Republican Presidential candidate John McCain is taking a weeklong autobiographical tour to recount his personal history as "a way to get him back in the political spotlight," as ABC's Ron Claiborne put it, while the Democratic Party continues to dominate coverage with its prolonged primary season. Monday he was at McCain Field, the Naval Air Station in Meridian Miss, where he was based; Tuesday he returned to Episcopal High School in Alexandria Va, where he was a student, class of 1954; next it will be the Naval Academy at Annapolis, where he was a midshipman.

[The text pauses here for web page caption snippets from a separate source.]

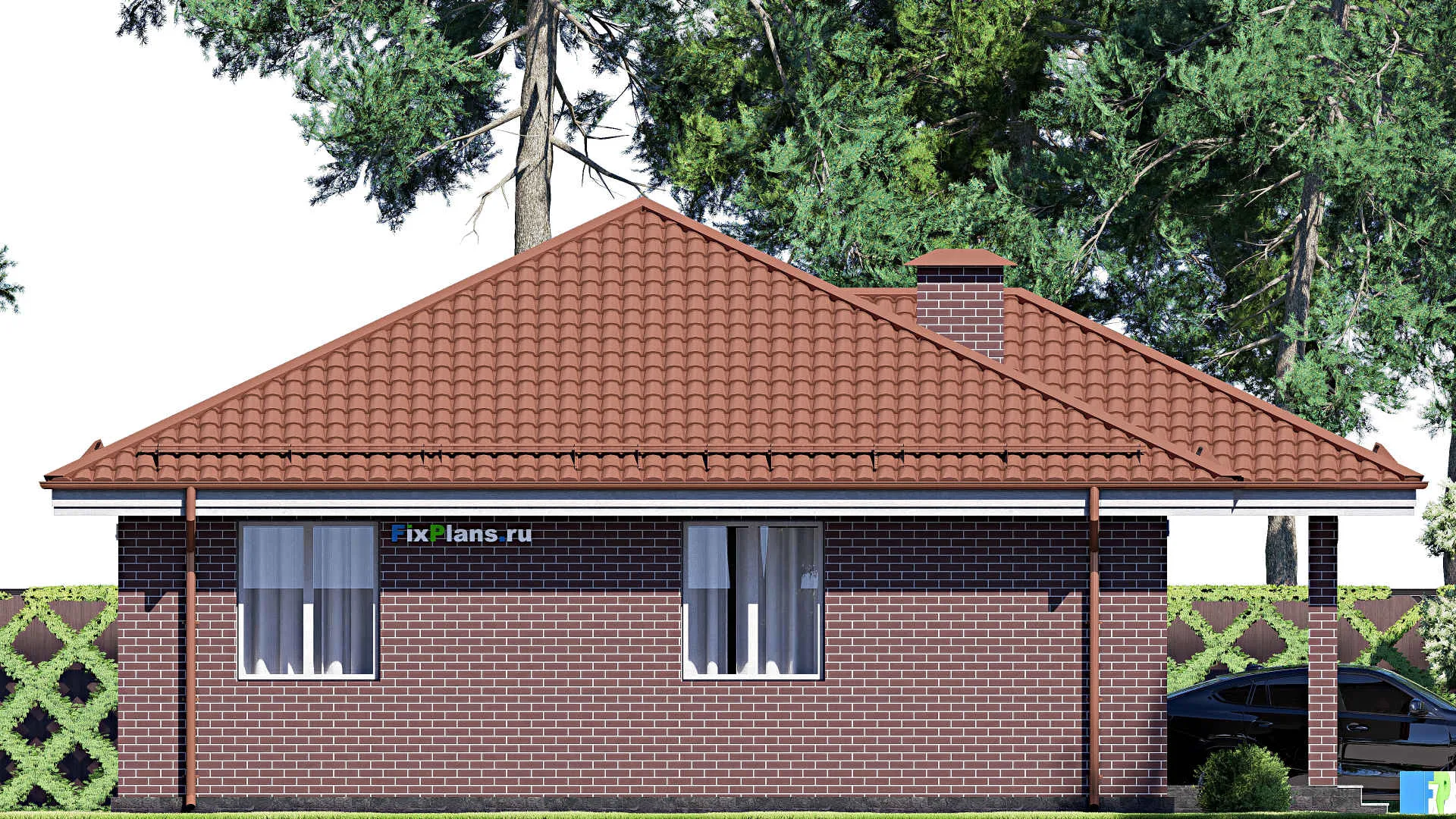 F-18296 - План одноэтажного дома 12 на 13, площадью 120 м² с 2 спальнями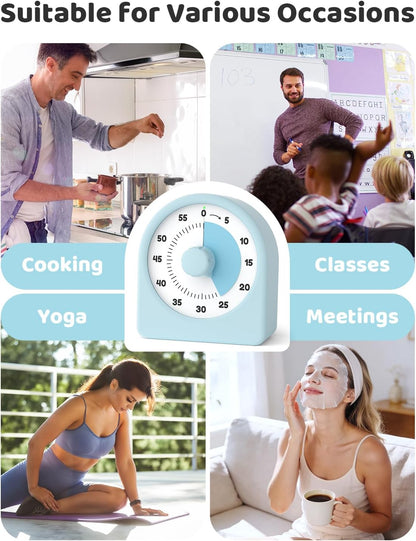 LIORQUE Visual Timer for Kids with Pause Function,Timer for Kids and Adults, Protective Case, Silent Time Management Tool, 60-Minute Countdown for Classroom, Office, Meetings, Study, Kitchen(Rainbow)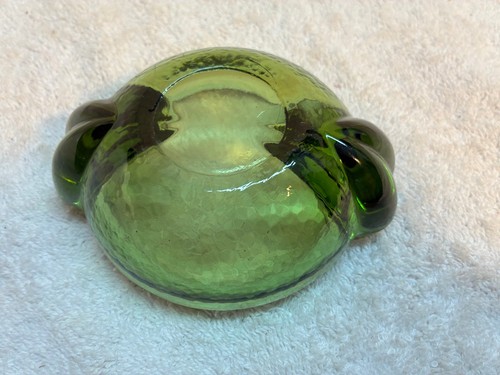 Federal Art Deco Glass Ashtray Green Color King Design Vintage - Picture 3 of 3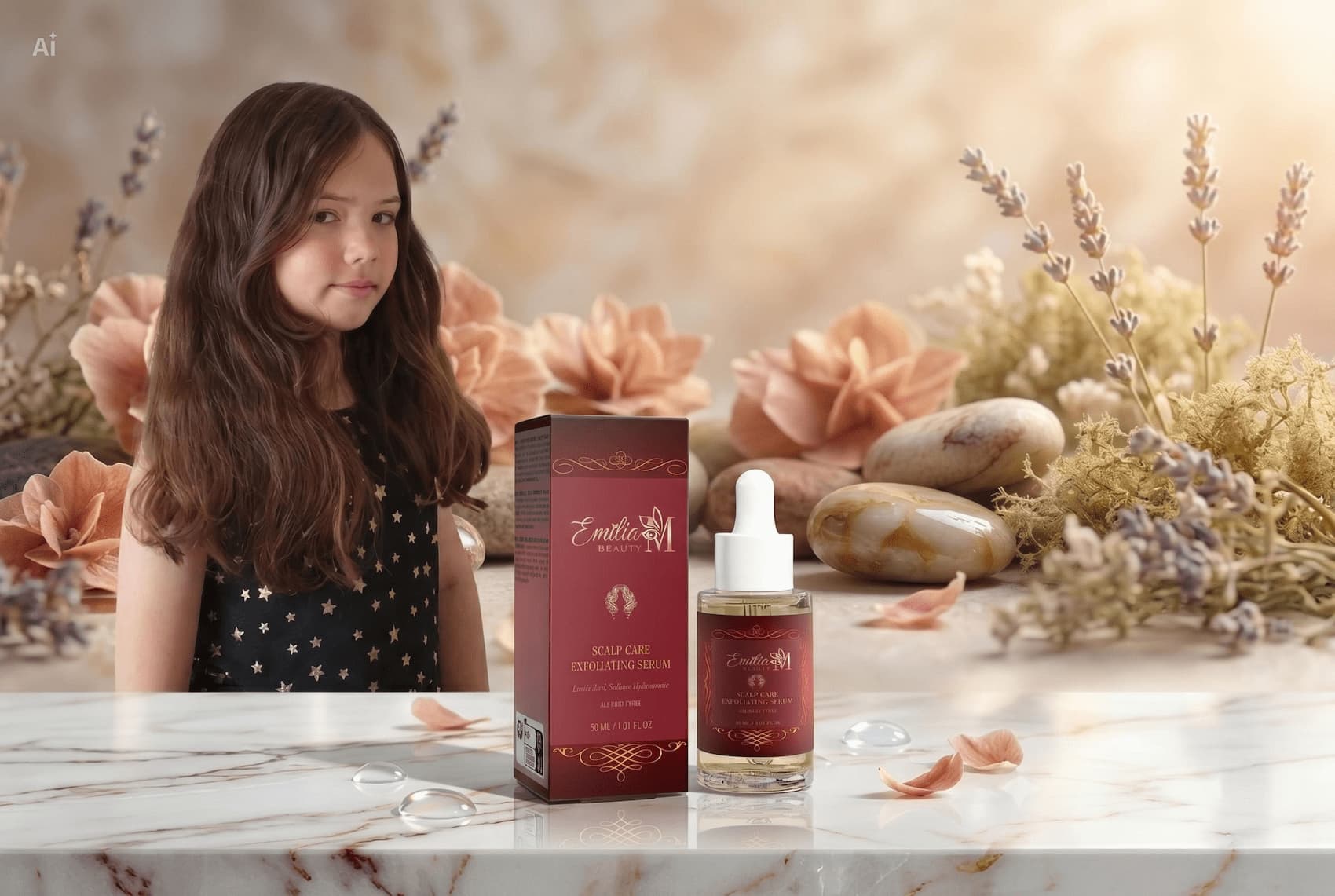 Emilia M Beauty Scalp Care Exfoliating Serum — burgundy dropper bottle and box on marble surface with lavender and roses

By all accounts, McCain was a piece of work when he was younger. NBC's Kelly O'Donnell quoted his self-description as "rambunctious" with a "bit of a chip on my shoulder." She heard him "waxing nostalgic about his flaws." On ABC's A Closer Look Claiborne observed that as a schoolboy he was "quick-tempered, earning the nickname McNasty, a reputation that persists to this day." Indeed even now, McCain calls himself a "very imperfect public servant" and he confessed: "In all candor as an adult I have been known to forget, occasionally, the discretion expected of a person of my years and station." Claiborne characterized that contrition as "kinder, gentler."
McCain was even caught in a fib about the nostalgia tour itself. "We were told that this is not a political event," NBC's O'Donnell quoted an Episcopal student asking him, "so what exactly is your purpose in being here?" "I knew I should have cut this thing off," the candidate muttered in response.